Press Review
Yes, and unsurprisingly statements made in Israel by Prime Minister Milos Zeman dominate Tuesday's front pages. If Mr Zeman hugs trees - his stated pastime - with as much vigour as he flourishes the name of Adolf Hitler, then the Vysocina region where he has a cottage will soon be treeless, writes Mlada fronta Dnes. Mr Zeman has recently compared both Austria's Joerg Haider and Palestinian leader Yasser Arafat to Hitler.
A driver involved in a motorway crash near Zlin was so drunk that he had fallen asleep by the time the police arrived at the scene of the accident, writes Pravo. When police questioned the man all he was capable of saying was that he had really drunk a lot.
The level of alcohol in his blood was approaching actual alcohol poisoning - some people would not survive such a bout of drinking, a doctor tells the daily.
The authorities in the Pardubice region in east Bohemia have decided not to include the local born Oskar Schindler - who famously saved the lives of many Jews during World War II - on a list of notable people from the area, the former government commissioner for human rights Petr Uhl writes in Pravo.
The reason the region won't honour Schindler - he was a German and a Nazi, and the traditional Czech-German conflict is regarded as being more important than the genocide of Jews and Romanies, writes Petr Uhl.
"Man Sent to Prison for Torturing Hedgehog", reads a headline in Mlada fronta Dnes. A law on torturing animals introduced after 1989 is being used more and more, as in the case of 43-year-old Hubert Zlamal who got six months for stamping the aforementioned hedgehog to death. "I was only trying to put it out of its misery," said Mr Zlamal.
It's the most expensive Czech beer on the market, but - says Hospodarske noviny - Plzensky Prazdroj also known as Pilsner Urquell sold a record quantity of beer last year.
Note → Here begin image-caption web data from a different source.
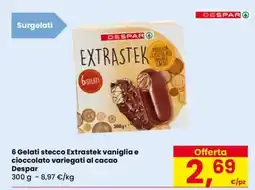 Eurospar 6 Gelati stecco Extrastek vaniglia e cioccolato variegati al cacao Despar offerta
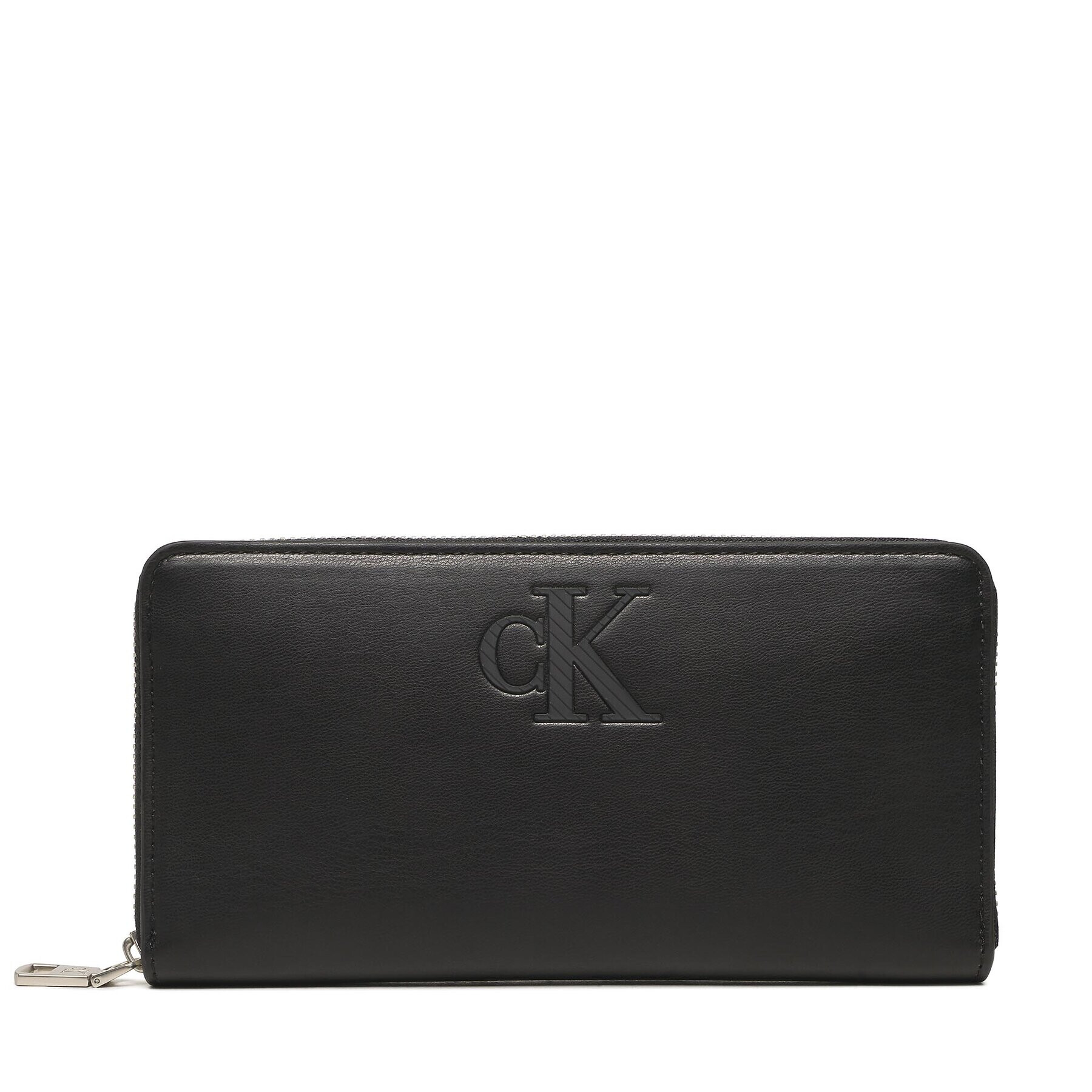 Calvin Klein Jeans Голям дамски портфейл Sleek Zip Around Solid K60K610346 Черен - Pepit.bg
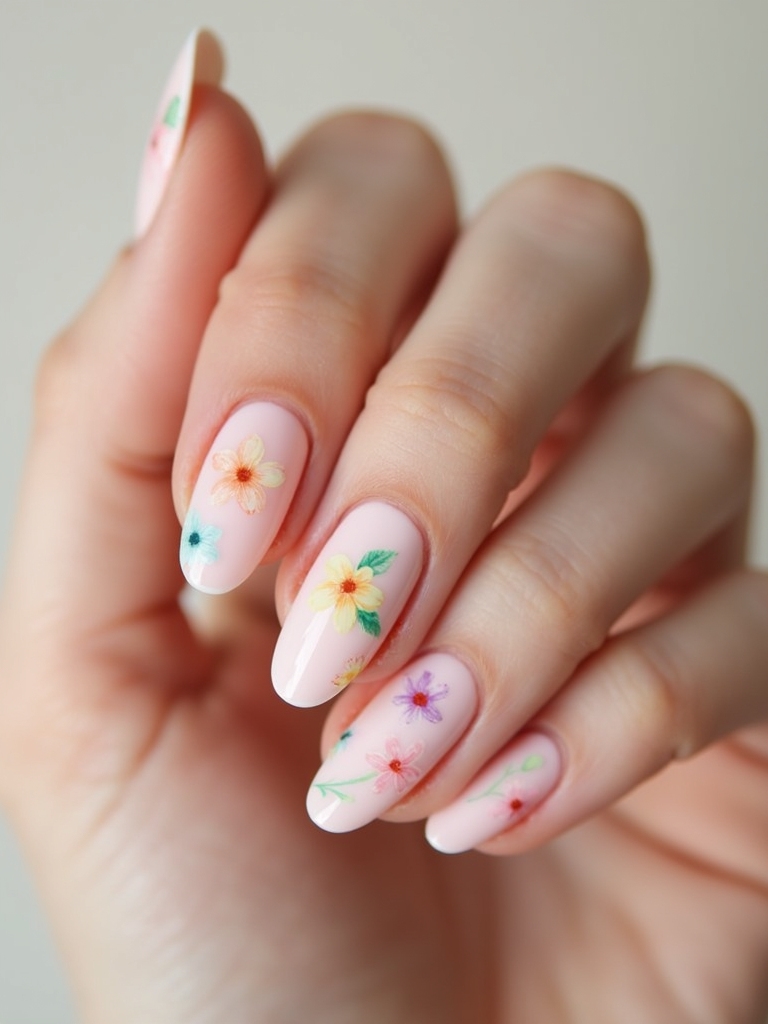 sheer pink watercolor florals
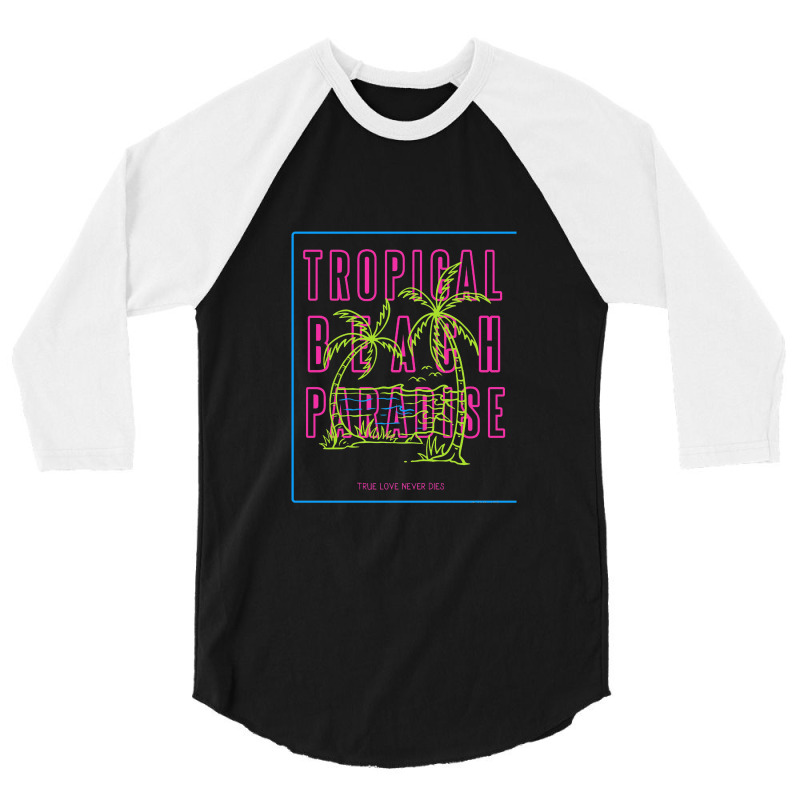 Tropical Paradise Love 3/4 Sleeve Shirt by lullabellelaart | Artistshot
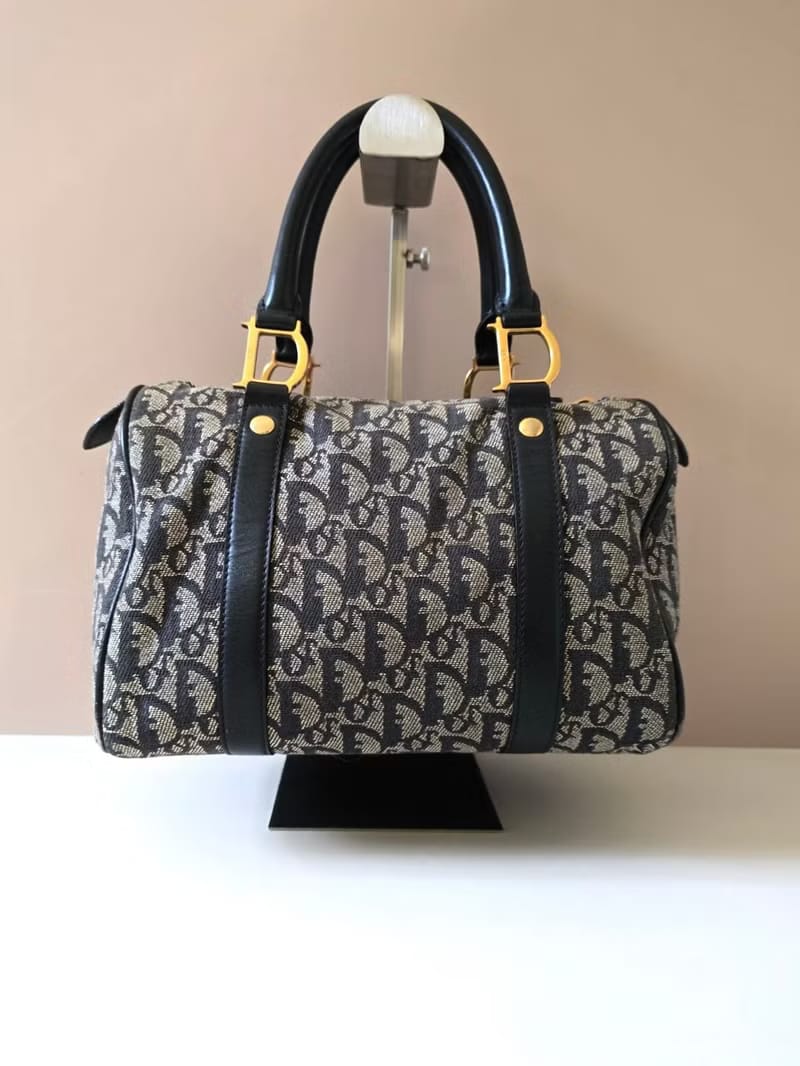 Dior black and blue monogram Boston handbag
The company sold 5.12 million hectolitres of its world famous brew in 2001.
The daily BLESK carries a front page photo of men hard at work preparing rides at the Matejska pout funfair, ahead of this weekend's opening. The funfair - which now takes place every year at Prague's Vystaviste exhibition grounds - was first held way back in 1595.
And pity the poor sports writers. The Czech ice hockey team played Canada during the night local time, so all of the papers have stories about the previous night's game against the Swedes.
The tabloid Super had perhaps the most inventive way of getting around the problem - it asked several minor celebrities to predict the outcome of Monday night's game against Canada - singer Vilem Cok got it right - a three- all draw.